If I had a penny for every hair I shed, I would be rich. Maybe I could use my $$ for this. (Watch this video... and tune into Oddities). Gag me. Matt could weave a flipping living room set as a tribute to me with the amount I'm giving out. Haha, as my hair tribute to him, I made a heart on the shower wall out of my hair (remember, I avoid the cold, post-shower drain clump at all costs) which did not go over well. White shower tiles + large black hairy heart? Who wouldn't love that hello from their loving wife?

I just puked in my mouth again remembering another hairy tale. Read This (or at least scroll down and look at the pictures). Word to the wise, change your earrings regularly. What a sicko. Omg, I just gagged looking at those pictures again.

There is such thing as pretty hair. I wish I had it. I'm growing mine out in an attempt to look like the Pinterest people (braids are BLOWING UP my feed) but somehow, my attempts to be stylish don't come out quite right. The sock roll trick did not make beautiful waves and neither did the stretchy headband. I have learned some fancy braids but the girth of my braids is always off. Coming from a girl with thick hair (even with the shedding issues), I think those braids are a)extensions b)hair pieces or c)wondrous.

pinterest

Let's bring this post full circle and get back to Banjo (which is seriously how I got thinking about hair in the first place). I took him to the doctor last week because I suspected he had an ear infection and while examining Benji, the doc told his med student that in males that age, you have to check for a hair tourniquet which is often the culprit for fussy babes. What? Oh yes, a hair wrapped around baby's pee-pee causing pain and anguish. Thankfully Benji was cleared but his fleece-lined cloth diapers are magnets for my loose hairs. I will definitely be paying attention to that in the future. Yikes.

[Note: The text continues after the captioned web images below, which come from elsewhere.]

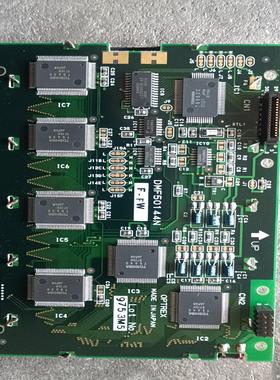 光王DMF50144n测试板，邮费到付一议价商品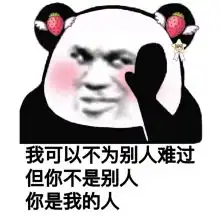 有什么撩男朋友的小套路
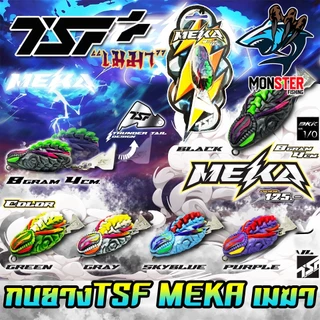 เหยื่อตกปลา กบยางเมฆา MEKA by THAI STREET FISHING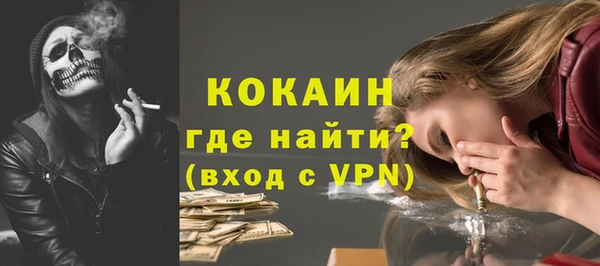 ECSTASY Рославль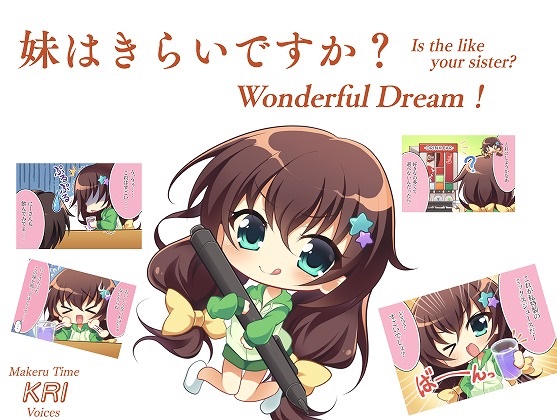 妹はきらいですか？　Wonderful Dream！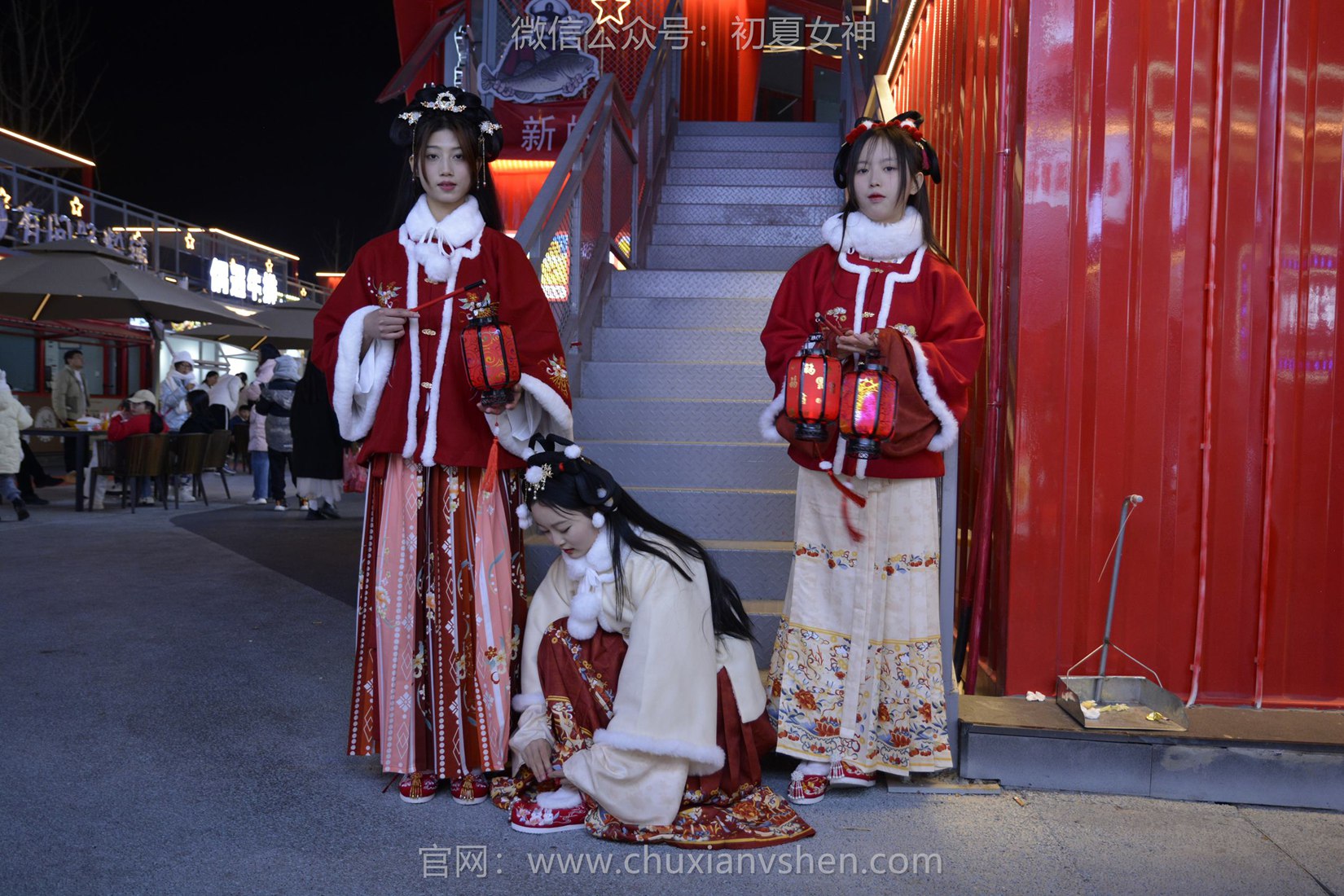 图片[64]-初夏女神 NO.149 双双&秀秀&情情 新年快乐[110P] – 速更版-美库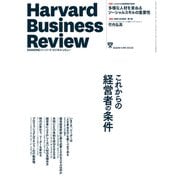 DIAMONDハーバード・ビジネス・レビュー 22年11月号（ダイヤモンド社） [電子書籍]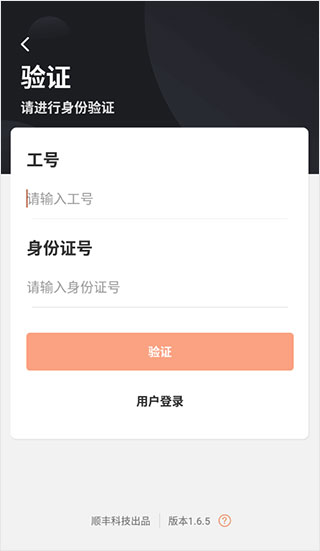顺丰丰源手机正式版下载-顺丰丰源安卓版下载v1.2.7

*Side note -  the ear infection I mentioned resulted in an anti-biotic... Banjo's first consumable besides the boob. I almost cried thinking about his 'pure' insides being forever altered. #smotheringmomproblems

I'm hoping this ridiculous shedding thing is just about over. Hopefully this post didn't make you puke, and instead, educated any pregnant readers about what they're in for. Had I not been warned, I would be sure I was on a one-way path to a hairline similar to Matt and Benji. Now that's way scarier than grizzly legs or a little heart on the shower wall.